Intuitively, in that papers we had to move to extended versions of Petri nets due to the difficulty in the definition of appropriate encodings of the considered calculi into classical Petri nets. The increased expressive power of Transfer or Reset nets w.r.t. classical Petri nets has been investigated in [9]. In particular, we have that properties like reachability and termination are decidable for classical Petri nets while this is not the case for Transfer and Reset nets; properties like boundedness is decidable for classical and Transfer nets while this is not the case for Reset nets; and finally properties like divergence or coverability are decidable for all of these classes of nets.¹

From a formal point of view, there are cases that strictly require to move from classical to extended Petri nets to equip a process calculus with a faithful Petri net semantics.

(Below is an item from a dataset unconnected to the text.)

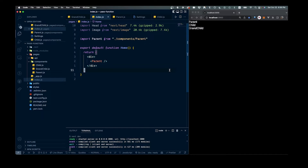Welcome back to the channel. In this video, we are going to be talking about how you can pass functions down to children, or in this case, grandchildren components. And then you can go ahead and call them from said children or grandchildren. So let's get right into this.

To clarify this specific point, in this paper we fully formalize in a simplified setting one of these cases. More precisely, we identify a basic calculus of processes performing input and output operations on a shared data space, extended with a primitive for renaming all the data of a given kind. We first show that for the basic version of the calculus without renaming, it is possible to define a faithful encoding by using classical Petri nets. By faithful encoding, here we mean that there exists a one-to-one correspondence between process reductions in the calculus and transition firings in the Petri net. Then we move to the version of the calculus with the renaming primitive, and we show that termination is undecidable for this version of the calculus. This undecidability result shows that there exists no recursive encoding from the calculus to classical Petri nets that preserves and reflects at least termination. Then we consider Transfer Petri nets, and we show that with this extended version of Petri nets it is again possible to define a faithful encoding. This also proves that divergence, as well as boundedness and coverability, are decidable for the calculus with the renaming primitive.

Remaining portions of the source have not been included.